News & Commentary

September 14, 2023

Michelle Berger

Michelle Berger is a student at Harvard Law School.

In today’s News and Commentary: The NLRB’s General Counsel wields Stericycle; legislators in California advance two bills relating to workers; and Big 3 suppliers may receive federal aid.  

On Tuesday, the General Counsel of the NLRB issued a complaint against Amazon for violating employees’ rights by maintaining an overly-broad work rule. According to a document tweeted by Amazon Labor Union attorney Seth Goldstein, the complaint issued on Tuesday specifically alleges that Amazon’s confidentiality rule violates the Act.

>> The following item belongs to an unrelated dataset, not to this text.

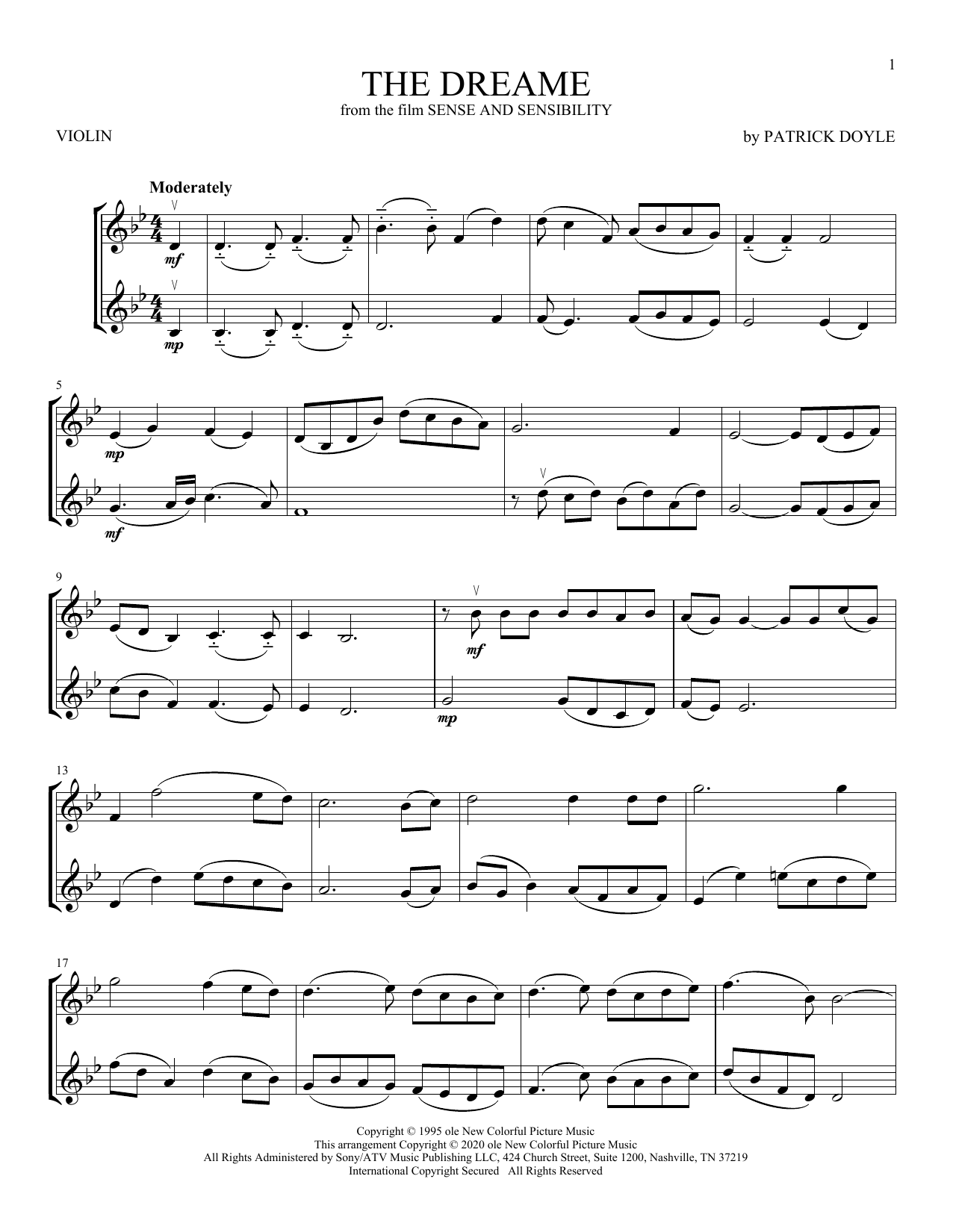 Product gallery: Page 1 of 1 The Dreame (from Sense and Sensibility), Patrick Doyle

Per the document, Amazon’s confidentiality rule prohibits employees from “communicat[ing] … proprietary or confidential information of Amazon in whatever form … that is not otherwise generally known to the public.” The rule lists myriad examples, including “business and financial information,” and concludes with a savings clause that attempts to clarify that the rule does not pertain to “terms and conditions of Employee’s own employment.” As Elyse reported, the Board in its Stericycle decision last month reversed the Trump-era standard for unlawful work rules. Stericycle established that workplace rules may be unlawful if employees could reasonably interpret them as interfering with their Section 7 rights. The Board instructed that rules be evaluated from the perspective of an employee who is “economically dependent on the employer.”

Today is the last day of the legislative session in California. Yesterday, the Assembly voted to approve unemployment benefits to workers on strike. The Senate would still need to vote on and pass the bill before the legislative session ends. In addition, there has been a flurry of activity in recent days related to Assembly Bills 1228 and 257. Per the Sacramento Bee, the SEIU, fast-food industry, and Governor Newsom have worked out a deal to establish a $20 minimum wage for fast-food workers in the state. In exchange, AB 1228 will no longer contain a provision holding corporations jointly liable for conduct by franchisees. And the fast-food industry will abandon its attempt to overturn (via a referendum) legislation enacting a council of industry and worker representatives. The council will increase wages annually to account for inflation and will be responsible for “advancing fast food minimum standards.”

The UAW targeted strike of the Big 3 automakers begins at midnight. The Washington Post reports today that the Biden administration may take “economic measures” to protect the Big 3’s 5,600 smaller supplier firms to prevent widespread supply chain disruption.